Three weeks of protracted negotiations between Angela Merkel's conservatives and the Free Democrats ended yesterday when the parties signed a coalition deal focused on tax cuts.
The parties eventually agreed on €24 billion ($47.5 billion) of cuts in an attempt to spur economic growth, ending disagreement over the main sticking point of the three-week long talks. A new government is due to take office this week.
Corporate tax cuts, a reform of inheritance laws and health reform were also central to the negotiations.
The main challenges of Chancellor Merkel's new government, formed almost a month after her conservative Christian Democrats (CDU), the Christian Social Union (CSU) and the Free Democrats (FDP) won a parliamentary majority in a federal election, will be to stabilise the economy and cut a huge deficit.
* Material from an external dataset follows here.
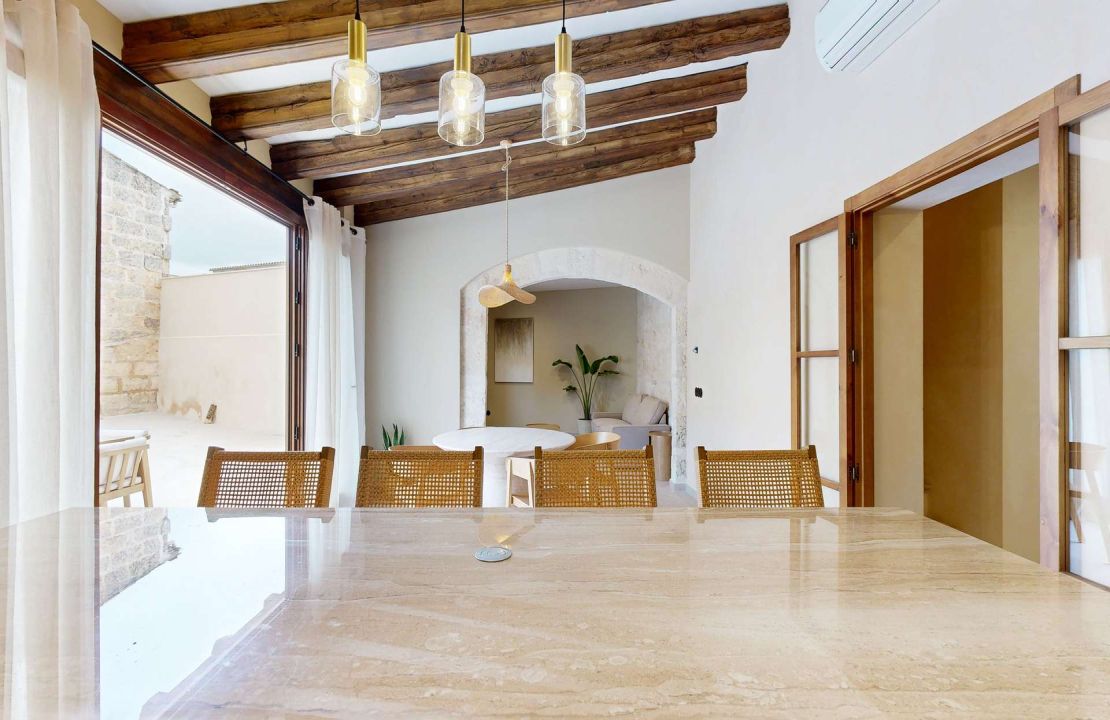 Historisches Stadthaus in Muro – Vollständig renoviert mit Pool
The main players in the new government include Guido Westerwelle, head of the FDP, and the first openly gay leader of a mainstream political party in Germany who will become the new foreign minister. Westerwelle's suitability for a role requiring diplomatic skills was questioned last month when he bristled as a BBC reporter asked him to answer a question in English, to which he responded: "We're in Germany here. Here we speak German."
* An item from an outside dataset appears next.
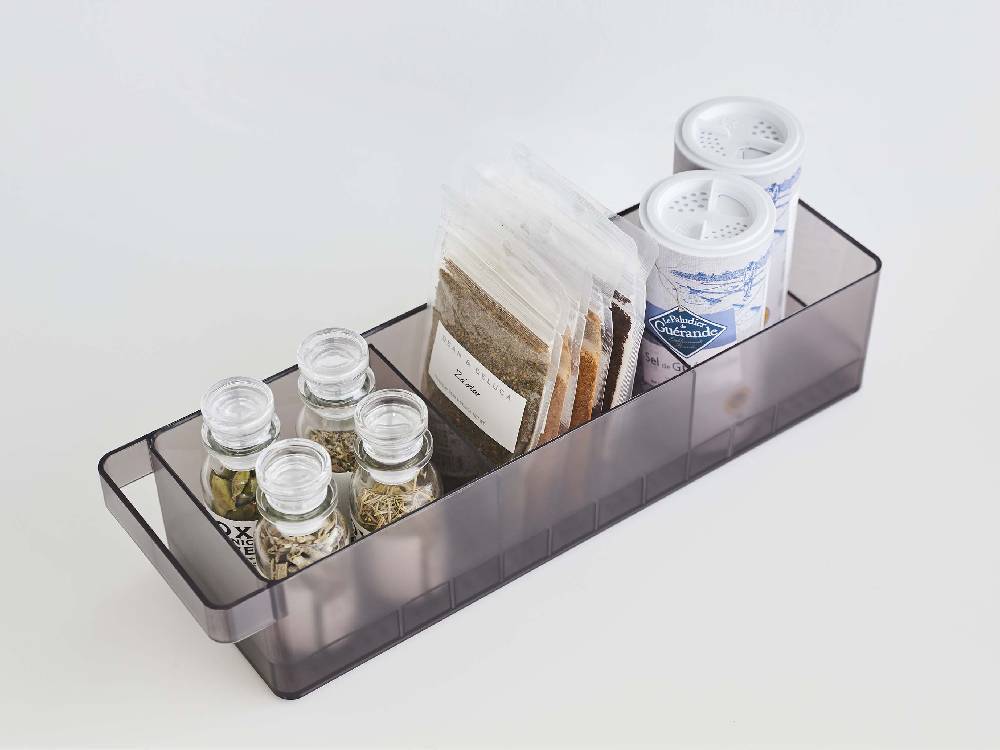 タワー冷蔵庫用収納ケースと仕切りが並ぶ棚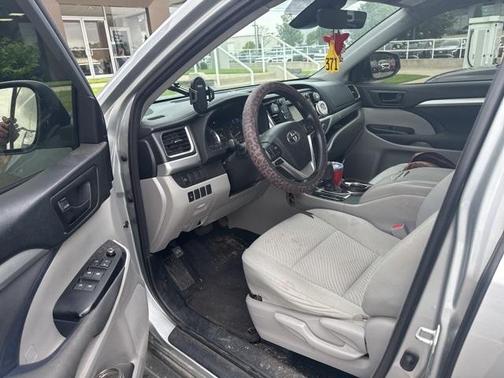2018 Toyota Highlander LE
One of the biggest surprises was the appointment of Wolfgang Schauble, of the CDU, as finance minister.
Schauble, 67, who has been in a wheelchair since he was shot and almost killed by a mentally-disturbed man 18 years ago, has often clashed with Merkel. But analysts yesterday suggested she might have picked him because he was straight-talking, experienced, and has no ambitions to become chancellor.